Когда он оказался на улице, совсем стемнело. Отчаянно тянуло покурить, но он держался. Выкинул сигареты в урну на остановке, чтобы не соблазниться, и прыгнул в маршрутку, идущую до Привокзальной. Домой хотелось меньше всего, но глаза слипались, а ночевать на улице не улыбалось. Дождь постепенно обратился в снег. Он мягко конопатил щели в бордюрах, растворялся в черных провалах луж. Удаляясь от центра города, людей и света на улицах становилось все меньше.
Иван согрелся и выскользнул из реальности. Ему снилось, как он пытается вытащить из пачки сигарету, но руки не слушаются, сигареты под пальцами крошатся, а он злится от нетерпения.
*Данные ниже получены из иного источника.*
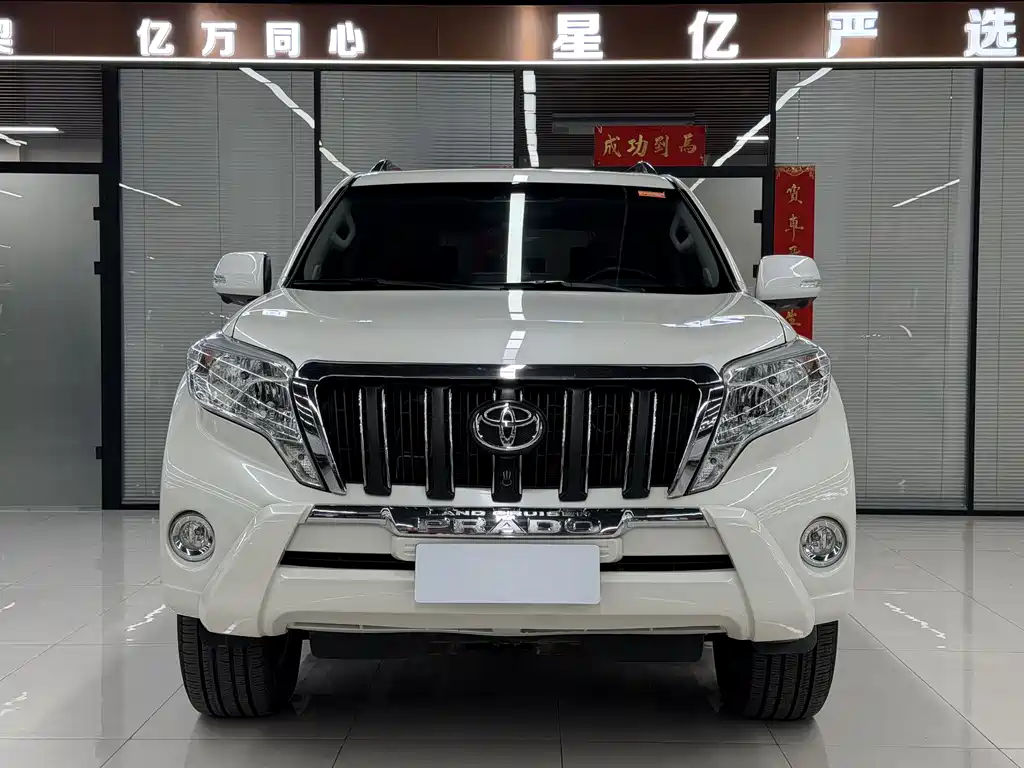 Toyota Land Cruiser Prado 2014 2.7L AT Standard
Вдруг голос отца сказал над самым ухом: «Еще раз увижу, голову оторву!». Иван оглянулся, но вместо отца увидел склонившегося над ним водителя маршрутки. Тот тряс его за плечо: «Приехали, конечная!».
Иван соскочил с подножки и побрел в сторону дома. Он обогнул здание вокзала, недавно отреставрированное и выглядящее вполне цивильно, и направился к старому району «привокзальных деревяшек», как его было принято называть в городе.
Асфальт скоро закончился. Фонари заметно поредели. Грязная улица нестройных деревянных домов за покосившимися заборами начиналась скелетом «запорожца», в котором недавно ощенилась бродячая сука. Иван обогнул «запорожец» по широкой дуге. Псина заволновалась и истошно завыла. Кто-то выругался матом в темноте. Возле дома напротив Иван различил огонек сигареты соседа. Проваливаясь в жидкую грязь, он побрел дальше. Иван жил на этой улице уже второй год с тех пор, как не стало отца, но так и не привык, не чувствовал, не хотел чувствовать себя своим. Казалось, к такой обстановке невозможно приспособиться и за десять лет. Каждый раз, сворачивая на эту улицу, которую и улицей-то назвать было нельзя, в груди закипало возмущение. Всей душой, всем существом он ненавидел женщину, которая была в ответе за случившиеся с ним и братом несчастья, – его собственную мать.
В доме матери горел свет во всех окнах. Верка-Сердючка горланила из открытых форточек: «Гоп, гоп, гоп чида – гоп…» Гулянка, видно, была в самом разгаре. Иван перелез через поваленный забор, прошел запущенным огородом, чтобы войти домой не в дверь, а в окно, как он в последнее время привык делать. Так был шанс, что мать не заметит его возвращения. Все лето он ночевал в сарае и почти не показывался ей на глаза, но сейчас слишком холодно.